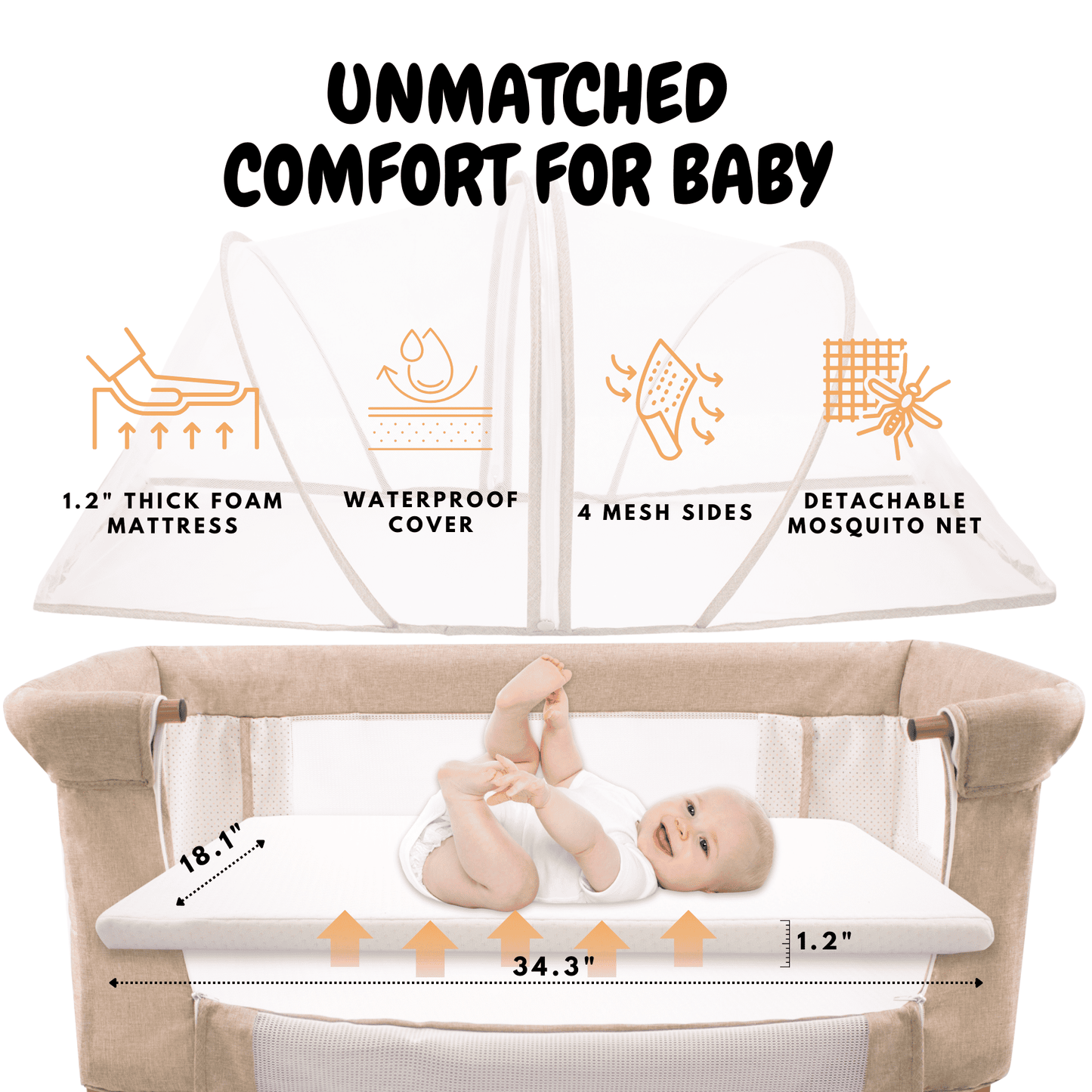 Bassinet Bedside Sleeper for Baby 0-6 Months with Wheels, Mattress, Drop Down Side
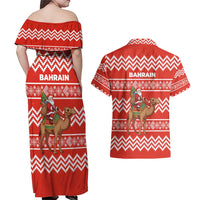 Bahrain Christmas Couples Matching Off Shoulder Maxi Dress and Hawaiian Shirt with Santa Riding Camel Red Geometric Pattern and Festive Design - Wonder Print Shop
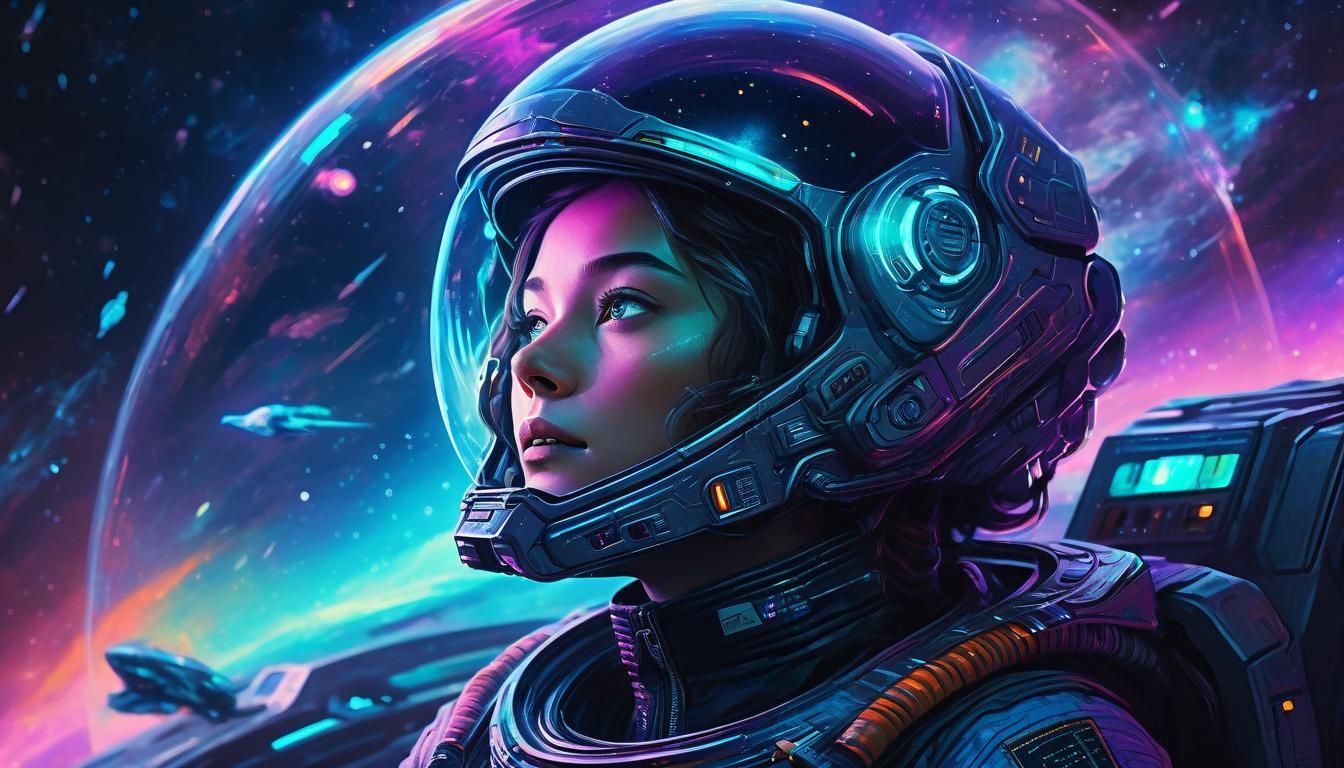 Woman Space Alien Piloting Spaceship in Digital Art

> **Problem to solve**:
Copy out the whole listing word for word, except for any picture it includes.

> **Solution for this exercise**:
 Bassinet Bedside Sleeper for Baby 0-6 Months with Wheels, Mattress, Drop Down Side
 Bahrain Christmas Couples Matching Off Shoulder Maxi Dress and Hawaiian Shirt with Santa Riding Camel Red Geometric Pattern and Festive Design - Wonder Print Shop
 Woman Space Alien Piloting Spaceship in Digital Art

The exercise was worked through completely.